В 1968 году одновременно вышли его единственный роман «О людях и чудовищах» и единственная же повесть, изданная отдельной книгой, «Лампа для Медузы». Роман, переписанный из рассказа «Люди в стенах», критики сравнили со свифтовским «Путешествием Гулливера». Только на сей раз в положении знаменитого путешественника, попавшего не в Лилипутию, а в Бробдингнег, ощутило себя земное человечество, завоеванное инопланетными гигантами. Люди ютятся в своих жилищах, как мыши в наших домах. Но и, как мыши, практически неуничтожимы — вот вам и весь оптимизм…

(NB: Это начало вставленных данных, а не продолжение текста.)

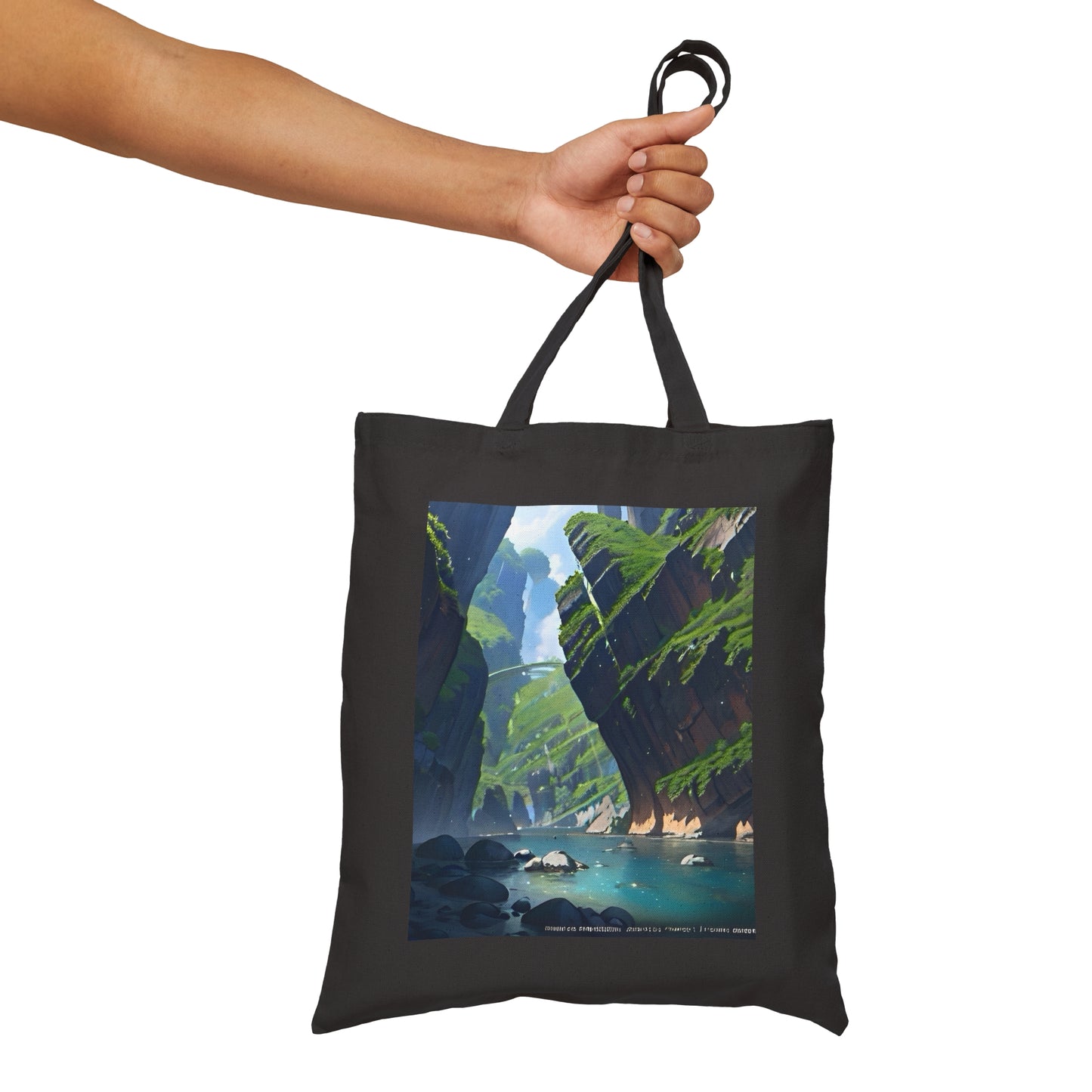 Artzy Cotton Canvas Tote Bag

Наконец, в 1974 году вышел рассказ, название которого говорит само за себя: «Таки у нас на Венере есть рабби!». В советские времена о переводе его нечего было и думать — абсолютный «непроходняк». Это сатирический рассказ о «Втором исходе» соплеменников автора на Венеру и о состоявшемся там Межзвездном неосионистском съезде. На котором главная буча развернулась вокруг вопроса по сути процедурного: можно ли считать евреями делегатов-инопланетян, говоривших на иврите, но при этом выглядевших как мятые, изжеванные коричневые подушки с короткими серыми щупальцами? Хотя для «окончательного решения» вопроса с публикацией рассказа в СССР достаточно было и «бронштейнско-троцкистской резолюции, направленной против Союза Советской Уганды с Родезией»…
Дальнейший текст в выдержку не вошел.